Hello Karthikeyan,
This worked perfectly - many thanks!
If possible, I would like to add two more steps onto this.
Firstly, in the table I have imported into HDFS which is called Shifts , I have two columns called Shift Type and Total Cost. Could I create a second table called 'Measures' by taking these to columns and creating a second table with a corresponding column called Shift Type and three columns which take the Average, Median, Minimum and Maximum of Total Cost?
When this has been done I would then like to move the copy the Shifts and Measures tables into Hive on the same server which I can then read into my Analytics Platform - Qliksense.
I hope this is possible,
Best Wishes,
Tim
Hi Karthikeyan,
Thanks for this solution. Unfortunately, it is failing at the first step with an error :
.....Cannot create PoolableConnectionFactory (could not establish connection to jdbc:hive2://localhost:10000/default;auth=noSasl;:null). No Flowfileto route to failure:....
Can you assist please?
Many many thanks,
Tim
Hi,
Thanks for your quick reply. The services were running correctly.

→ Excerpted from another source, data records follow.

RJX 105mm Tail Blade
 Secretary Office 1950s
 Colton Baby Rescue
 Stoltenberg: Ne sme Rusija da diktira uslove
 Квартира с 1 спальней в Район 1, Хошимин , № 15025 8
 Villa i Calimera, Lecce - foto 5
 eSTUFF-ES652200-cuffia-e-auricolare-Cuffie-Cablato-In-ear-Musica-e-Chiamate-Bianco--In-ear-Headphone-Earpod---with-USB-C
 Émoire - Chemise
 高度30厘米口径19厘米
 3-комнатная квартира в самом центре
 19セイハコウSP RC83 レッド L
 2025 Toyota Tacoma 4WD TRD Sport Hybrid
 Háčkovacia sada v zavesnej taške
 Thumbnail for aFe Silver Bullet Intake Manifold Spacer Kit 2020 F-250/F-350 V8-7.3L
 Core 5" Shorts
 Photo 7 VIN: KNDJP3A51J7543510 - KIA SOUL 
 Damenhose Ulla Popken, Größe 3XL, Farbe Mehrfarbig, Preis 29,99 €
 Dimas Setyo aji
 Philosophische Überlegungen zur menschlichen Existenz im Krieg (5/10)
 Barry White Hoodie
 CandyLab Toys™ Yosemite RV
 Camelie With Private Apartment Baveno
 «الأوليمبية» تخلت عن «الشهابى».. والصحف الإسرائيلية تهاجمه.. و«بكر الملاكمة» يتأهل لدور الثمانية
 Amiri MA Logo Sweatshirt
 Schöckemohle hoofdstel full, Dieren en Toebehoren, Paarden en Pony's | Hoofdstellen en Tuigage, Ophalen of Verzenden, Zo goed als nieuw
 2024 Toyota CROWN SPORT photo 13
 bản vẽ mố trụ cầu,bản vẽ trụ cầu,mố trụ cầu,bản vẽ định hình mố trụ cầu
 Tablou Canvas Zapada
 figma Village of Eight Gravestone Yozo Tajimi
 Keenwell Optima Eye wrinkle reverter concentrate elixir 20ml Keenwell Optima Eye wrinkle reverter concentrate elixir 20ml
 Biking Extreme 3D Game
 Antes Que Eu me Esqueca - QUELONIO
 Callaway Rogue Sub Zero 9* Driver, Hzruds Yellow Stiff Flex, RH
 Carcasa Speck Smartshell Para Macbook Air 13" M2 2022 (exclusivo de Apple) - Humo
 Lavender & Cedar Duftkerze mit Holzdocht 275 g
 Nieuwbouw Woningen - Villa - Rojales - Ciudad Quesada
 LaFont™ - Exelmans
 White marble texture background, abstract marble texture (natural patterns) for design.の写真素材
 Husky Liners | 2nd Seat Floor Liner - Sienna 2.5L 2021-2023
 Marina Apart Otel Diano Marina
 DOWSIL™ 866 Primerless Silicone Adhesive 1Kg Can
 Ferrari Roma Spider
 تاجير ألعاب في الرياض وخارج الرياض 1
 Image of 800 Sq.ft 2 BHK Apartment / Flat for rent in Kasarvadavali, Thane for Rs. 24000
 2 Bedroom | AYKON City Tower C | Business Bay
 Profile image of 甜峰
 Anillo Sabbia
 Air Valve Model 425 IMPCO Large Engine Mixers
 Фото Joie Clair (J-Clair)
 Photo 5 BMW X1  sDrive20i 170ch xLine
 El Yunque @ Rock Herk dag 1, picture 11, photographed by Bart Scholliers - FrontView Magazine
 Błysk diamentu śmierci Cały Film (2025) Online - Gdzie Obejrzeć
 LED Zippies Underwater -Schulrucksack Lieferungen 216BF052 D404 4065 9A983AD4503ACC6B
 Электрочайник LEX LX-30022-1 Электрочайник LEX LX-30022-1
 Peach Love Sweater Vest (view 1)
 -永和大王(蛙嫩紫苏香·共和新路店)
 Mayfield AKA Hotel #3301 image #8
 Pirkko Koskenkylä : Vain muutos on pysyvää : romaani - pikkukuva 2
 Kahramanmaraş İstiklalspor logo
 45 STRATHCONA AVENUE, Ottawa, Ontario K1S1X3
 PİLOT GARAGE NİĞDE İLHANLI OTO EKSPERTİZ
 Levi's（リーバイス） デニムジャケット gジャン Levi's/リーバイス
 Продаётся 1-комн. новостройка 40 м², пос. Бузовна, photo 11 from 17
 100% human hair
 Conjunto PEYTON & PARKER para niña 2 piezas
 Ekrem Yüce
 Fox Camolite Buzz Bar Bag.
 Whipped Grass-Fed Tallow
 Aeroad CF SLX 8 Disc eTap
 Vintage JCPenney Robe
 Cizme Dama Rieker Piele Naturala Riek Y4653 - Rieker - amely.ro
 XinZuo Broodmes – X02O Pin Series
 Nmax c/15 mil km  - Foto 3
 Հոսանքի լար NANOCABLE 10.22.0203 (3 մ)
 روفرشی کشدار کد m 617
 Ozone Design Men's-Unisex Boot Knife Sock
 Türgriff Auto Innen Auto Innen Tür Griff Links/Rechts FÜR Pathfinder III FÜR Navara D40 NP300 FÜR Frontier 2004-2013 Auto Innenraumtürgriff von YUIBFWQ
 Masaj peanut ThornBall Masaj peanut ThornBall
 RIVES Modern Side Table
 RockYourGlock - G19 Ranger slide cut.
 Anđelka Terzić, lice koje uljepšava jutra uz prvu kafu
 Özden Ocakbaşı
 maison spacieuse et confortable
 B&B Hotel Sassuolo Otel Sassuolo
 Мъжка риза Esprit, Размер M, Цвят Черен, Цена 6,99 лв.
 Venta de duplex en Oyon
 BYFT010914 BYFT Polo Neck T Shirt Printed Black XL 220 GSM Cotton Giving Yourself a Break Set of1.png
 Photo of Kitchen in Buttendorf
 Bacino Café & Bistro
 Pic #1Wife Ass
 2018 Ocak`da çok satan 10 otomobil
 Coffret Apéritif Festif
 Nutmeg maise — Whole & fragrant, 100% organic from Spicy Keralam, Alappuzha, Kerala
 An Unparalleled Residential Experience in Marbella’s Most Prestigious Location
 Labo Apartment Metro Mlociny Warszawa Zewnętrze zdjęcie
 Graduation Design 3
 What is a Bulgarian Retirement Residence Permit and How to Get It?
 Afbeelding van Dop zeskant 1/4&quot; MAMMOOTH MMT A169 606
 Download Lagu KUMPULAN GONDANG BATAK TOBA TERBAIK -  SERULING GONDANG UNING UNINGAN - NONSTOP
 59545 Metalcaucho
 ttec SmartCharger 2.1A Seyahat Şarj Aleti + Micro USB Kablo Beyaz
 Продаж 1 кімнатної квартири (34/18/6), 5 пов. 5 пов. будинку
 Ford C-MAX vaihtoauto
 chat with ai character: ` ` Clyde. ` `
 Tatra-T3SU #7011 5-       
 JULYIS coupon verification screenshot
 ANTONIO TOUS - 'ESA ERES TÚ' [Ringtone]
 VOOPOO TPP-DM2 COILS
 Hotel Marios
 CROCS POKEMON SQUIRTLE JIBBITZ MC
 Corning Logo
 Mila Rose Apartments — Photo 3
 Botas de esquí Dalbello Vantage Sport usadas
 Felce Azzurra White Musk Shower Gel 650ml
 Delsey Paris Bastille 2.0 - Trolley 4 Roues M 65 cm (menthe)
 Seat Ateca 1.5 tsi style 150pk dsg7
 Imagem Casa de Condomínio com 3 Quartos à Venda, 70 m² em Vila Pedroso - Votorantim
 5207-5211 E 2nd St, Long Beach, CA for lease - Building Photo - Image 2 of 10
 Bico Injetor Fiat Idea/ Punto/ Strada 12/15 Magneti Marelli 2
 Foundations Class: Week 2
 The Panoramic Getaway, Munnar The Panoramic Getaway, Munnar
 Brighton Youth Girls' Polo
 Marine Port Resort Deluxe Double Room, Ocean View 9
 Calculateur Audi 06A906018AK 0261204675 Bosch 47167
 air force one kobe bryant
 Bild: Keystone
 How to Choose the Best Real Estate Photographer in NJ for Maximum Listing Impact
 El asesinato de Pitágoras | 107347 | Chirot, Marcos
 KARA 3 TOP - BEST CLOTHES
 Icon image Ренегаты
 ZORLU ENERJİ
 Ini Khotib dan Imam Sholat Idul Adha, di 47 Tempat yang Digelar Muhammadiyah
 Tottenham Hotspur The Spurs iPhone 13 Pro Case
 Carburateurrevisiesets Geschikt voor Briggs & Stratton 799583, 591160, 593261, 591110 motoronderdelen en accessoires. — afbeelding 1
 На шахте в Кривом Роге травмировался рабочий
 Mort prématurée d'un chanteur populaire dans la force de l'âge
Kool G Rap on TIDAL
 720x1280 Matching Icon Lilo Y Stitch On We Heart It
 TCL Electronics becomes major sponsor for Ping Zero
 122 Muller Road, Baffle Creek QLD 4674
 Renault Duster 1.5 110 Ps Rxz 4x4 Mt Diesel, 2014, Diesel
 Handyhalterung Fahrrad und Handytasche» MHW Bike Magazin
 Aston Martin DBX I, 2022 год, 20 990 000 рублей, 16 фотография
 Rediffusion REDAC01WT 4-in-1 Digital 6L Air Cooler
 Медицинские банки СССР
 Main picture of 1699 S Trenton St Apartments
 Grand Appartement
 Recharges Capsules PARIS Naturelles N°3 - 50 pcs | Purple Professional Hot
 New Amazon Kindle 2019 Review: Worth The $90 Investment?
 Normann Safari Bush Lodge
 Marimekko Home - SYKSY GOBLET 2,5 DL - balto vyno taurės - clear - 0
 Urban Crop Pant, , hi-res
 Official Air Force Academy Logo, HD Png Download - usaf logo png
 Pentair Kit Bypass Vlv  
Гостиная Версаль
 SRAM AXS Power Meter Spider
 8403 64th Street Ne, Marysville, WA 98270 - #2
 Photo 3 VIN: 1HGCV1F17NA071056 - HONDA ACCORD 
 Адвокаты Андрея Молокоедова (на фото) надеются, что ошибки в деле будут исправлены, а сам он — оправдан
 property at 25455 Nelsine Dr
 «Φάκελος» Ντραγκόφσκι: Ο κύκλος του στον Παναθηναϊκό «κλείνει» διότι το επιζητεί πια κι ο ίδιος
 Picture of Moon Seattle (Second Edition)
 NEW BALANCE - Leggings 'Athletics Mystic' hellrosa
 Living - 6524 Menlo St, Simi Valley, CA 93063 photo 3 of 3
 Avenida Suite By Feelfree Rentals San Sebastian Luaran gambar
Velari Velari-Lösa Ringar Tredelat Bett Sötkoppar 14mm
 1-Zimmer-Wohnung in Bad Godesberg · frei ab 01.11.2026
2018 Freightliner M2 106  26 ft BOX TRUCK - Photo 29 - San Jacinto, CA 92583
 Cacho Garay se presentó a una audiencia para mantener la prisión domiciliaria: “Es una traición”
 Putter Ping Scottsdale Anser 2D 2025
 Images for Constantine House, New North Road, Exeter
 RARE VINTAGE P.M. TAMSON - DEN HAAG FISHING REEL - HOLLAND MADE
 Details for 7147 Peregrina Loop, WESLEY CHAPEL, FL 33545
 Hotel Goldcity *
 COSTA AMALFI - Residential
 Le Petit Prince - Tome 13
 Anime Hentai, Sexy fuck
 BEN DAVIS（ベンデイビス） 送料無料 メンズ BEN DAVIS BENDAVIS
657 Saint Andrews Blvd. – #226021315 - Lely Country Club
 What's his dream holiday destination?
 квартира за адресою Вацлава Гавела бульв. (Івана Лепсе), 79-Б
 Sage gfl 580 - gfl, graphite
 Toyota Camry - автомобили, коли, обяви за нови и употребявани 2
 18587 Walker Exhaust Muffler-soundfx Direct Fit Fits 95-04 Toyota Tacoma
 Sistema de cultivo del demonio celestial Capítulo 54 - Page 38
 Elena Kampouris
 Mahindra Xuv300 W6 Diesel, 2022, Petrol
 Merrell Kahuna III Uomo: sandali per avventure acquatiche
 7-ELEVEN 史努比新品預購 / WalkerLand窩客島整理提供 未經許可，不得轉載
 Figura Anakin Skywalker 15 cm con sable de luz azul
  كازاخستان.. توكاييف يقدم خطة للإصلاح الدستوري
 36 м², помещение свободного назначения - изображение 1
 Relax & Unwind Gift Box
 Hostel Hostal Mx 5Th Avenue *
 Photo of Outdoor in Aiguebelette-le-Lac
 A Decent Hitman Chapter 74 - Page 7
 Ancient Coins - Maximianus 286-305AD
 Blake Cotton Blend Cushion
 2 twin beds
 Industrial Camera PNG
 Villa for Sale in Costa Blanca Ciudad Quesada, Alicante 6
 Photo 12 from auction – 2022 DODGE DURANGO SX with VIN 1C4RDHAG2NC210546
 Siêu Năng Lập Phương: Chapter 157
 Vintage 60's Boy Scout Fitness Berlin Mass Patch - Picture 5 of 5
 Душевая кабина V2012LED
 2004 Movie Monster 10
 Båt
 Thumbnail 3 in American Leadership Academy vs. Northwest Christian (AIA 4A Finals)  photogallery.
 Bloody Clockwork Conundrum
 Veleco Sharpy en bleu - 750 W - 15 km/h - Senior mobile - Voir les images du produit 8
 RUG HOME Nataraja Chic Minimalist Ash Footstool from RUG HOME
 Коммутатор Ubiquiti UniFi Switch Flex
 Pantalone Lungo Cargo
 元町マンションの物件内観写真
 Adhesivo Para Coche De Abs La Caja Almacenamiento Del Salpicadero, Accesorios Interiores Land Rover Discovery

I have just thought that as part of another support thread I was advised to update the authentication parameters within the hive-site.xml file as I had to connect to the hive data from a separate analytics platform. Would this have an effect ? The parameters are now :
Property |
Value |
Database Connection URL |
jdbc:hive2://localhost:10000/default; |
Database User |
tim |
Password |
password |
Property |
Value |
Database Connection URL |
jdbc:hive2://localhost:10000/default; -n tim -p password |
Hi,
Thanks for your reply. This is now working although it seems to fail on the last step :
HiveSQLException: Error while compiling statement: FAILED: ParseException line 1:62 cannot recognize input near ','',' '"Total_Cost"' in value row constructor; it is possible that retrying the operation will succeed, so routing to retry: org.apache....................
I also have another question. In the 'Insert in to Hive Table' step, does the table that it is inserting into have to already exist ? or will it append to an existing table, overwrite an existing table or create a table is it doesn't exist?
Thanks you for your help
HiveSQLException: Error while compiling statement: FAILED: ParseException line 1:62 cannot recognize input near ','',' '"Total_Cost"' in value row constructor; it is possible that retrying the operation will succeed, so routing to retry: org.apache.................... |
Make sure that your Insert query is properly constructed according to your Measures table. Use ‘ ‘ (single quotations) for String column types in hive.
For eg.
Replacement Value in the Constructing queries processor - insert into Measures values('${csv.2:getDelimitedField(1)}',${csv.2:getDelimitedField(2)},${csv.2:getDelimitedField(3)},${csv.2:getDelimitedField(4)},${csv.2:getDelimitedField(5)})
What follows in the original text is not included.